== Supplied material ==

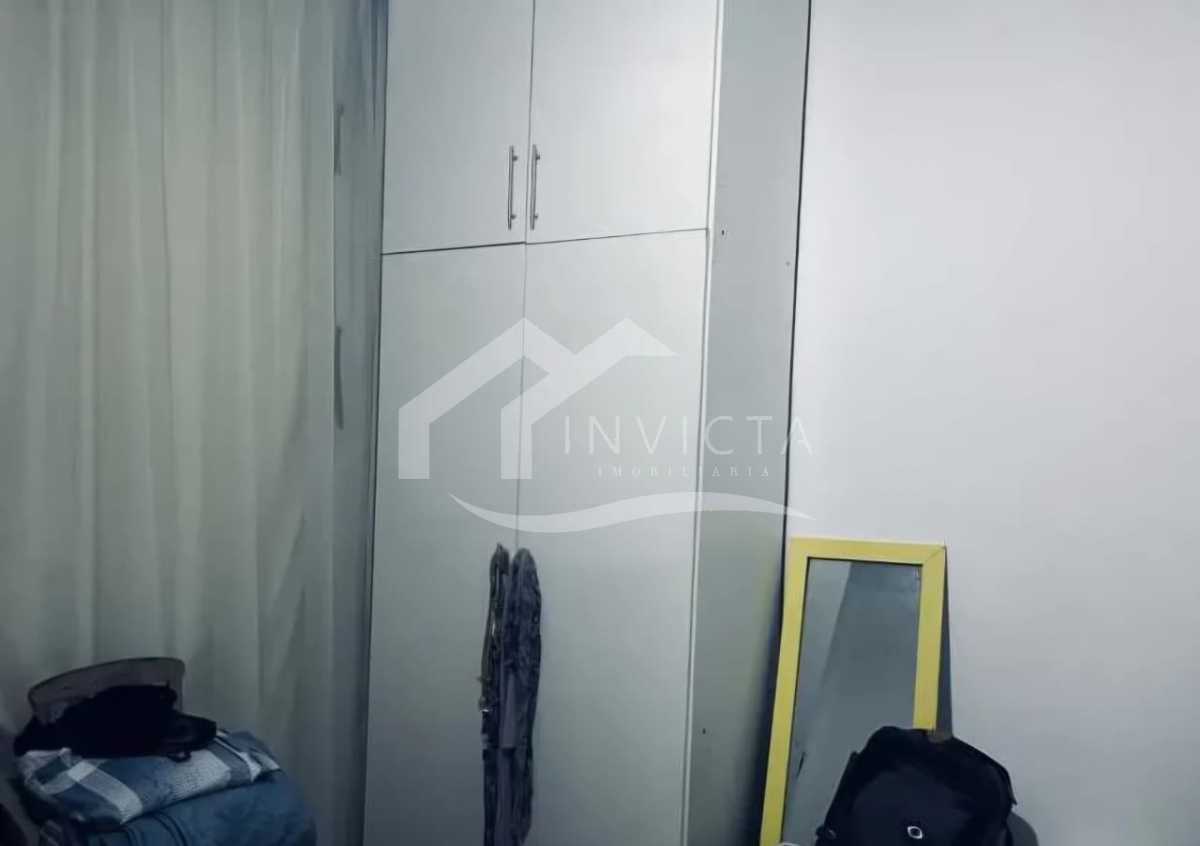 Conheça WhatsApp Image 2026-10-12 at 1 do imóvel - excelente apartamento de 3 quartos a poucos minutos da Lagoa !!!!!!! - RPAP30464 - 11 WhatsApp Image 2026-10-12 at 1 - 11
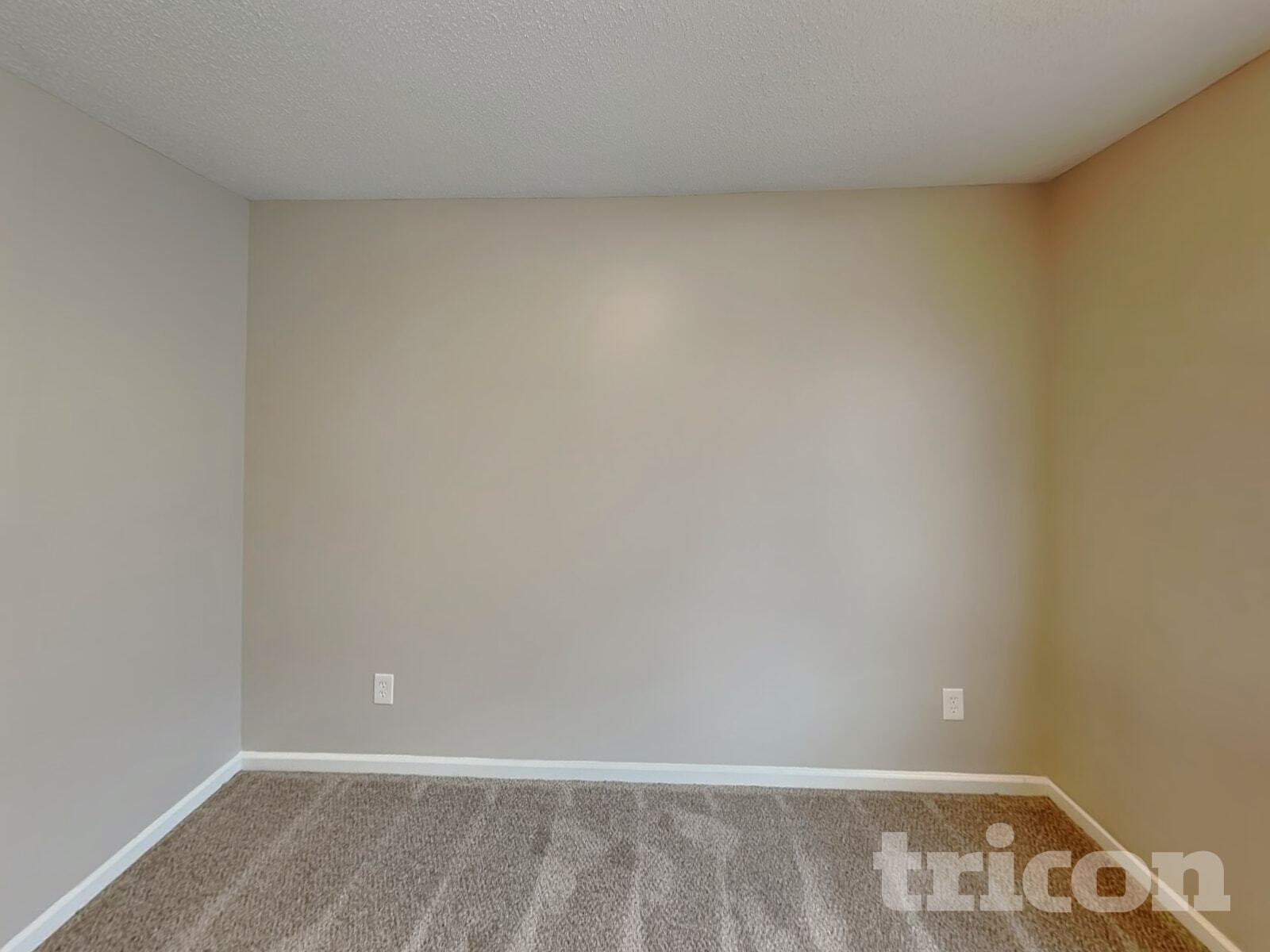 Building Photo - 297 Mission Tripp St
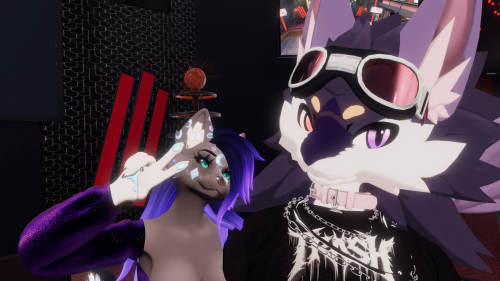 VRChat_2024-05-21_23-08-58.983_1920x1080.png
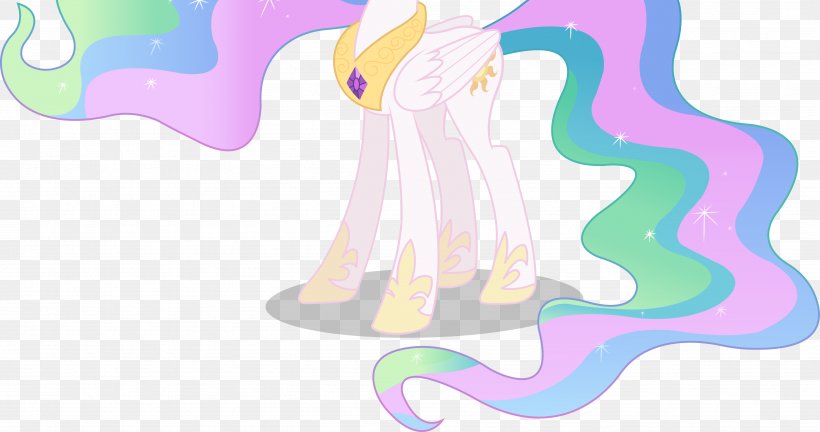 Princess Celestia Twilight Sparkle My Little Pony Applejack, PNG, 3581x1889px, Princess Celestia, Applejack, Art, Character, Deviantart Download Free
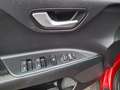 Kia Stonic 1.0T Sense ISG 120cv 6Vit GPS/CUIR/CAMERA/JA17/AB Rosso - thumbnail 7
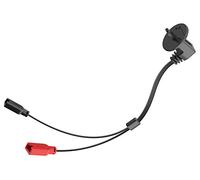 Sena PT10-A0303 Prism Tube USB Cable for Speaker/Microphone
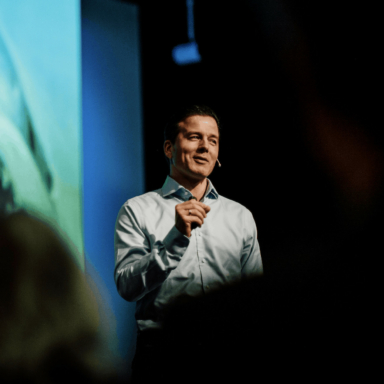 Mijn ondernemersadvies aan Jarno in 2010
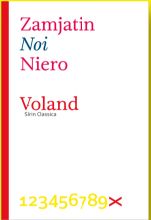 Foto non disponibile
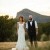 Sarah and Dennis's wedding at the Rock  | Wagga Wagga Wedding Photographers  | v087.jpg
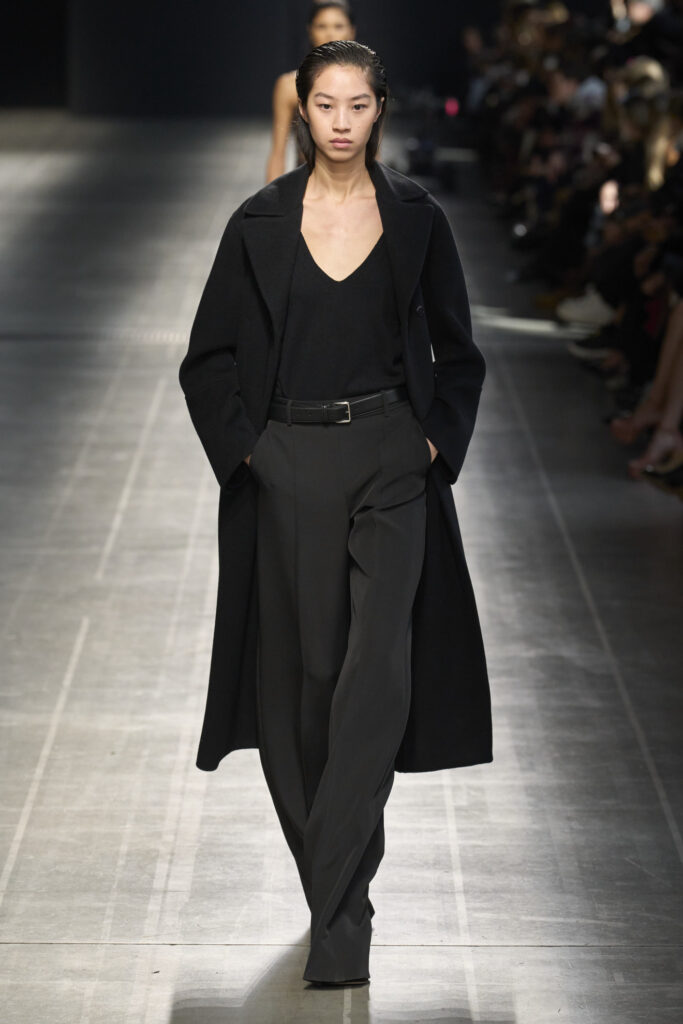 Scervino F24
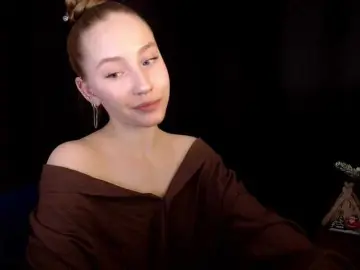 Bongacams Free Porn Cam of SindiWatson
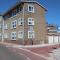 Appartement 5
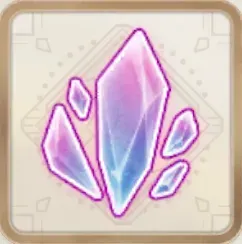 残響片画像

== Exercise objective ==
Without reproducing any picture, repeat exactly the lines from the one containing "Kia Stonic 1.0T" through the last line of the material above, both ends included.

== Your solution ==
 Kia Stonic 1.0T Sense ISG 120cv 6Vit GPS/CUIR/CAMERA/JA17/AB Rosso - thumbnail 7
 Sena PT10-A0303 Prism Tube USB Cable for Speaker/Microphone
 Mijn ondernemersadvies aan Jarno in 2010
 Foto non disponibile
 Sarah and Dennis's wedding at the Rock  | Wagga Wagga Wedding Photographers  | v087.jpg
 Scervino F24
 Bongacams Free Porn Cam of SindiWatson
 Appartement 5
 残響片画像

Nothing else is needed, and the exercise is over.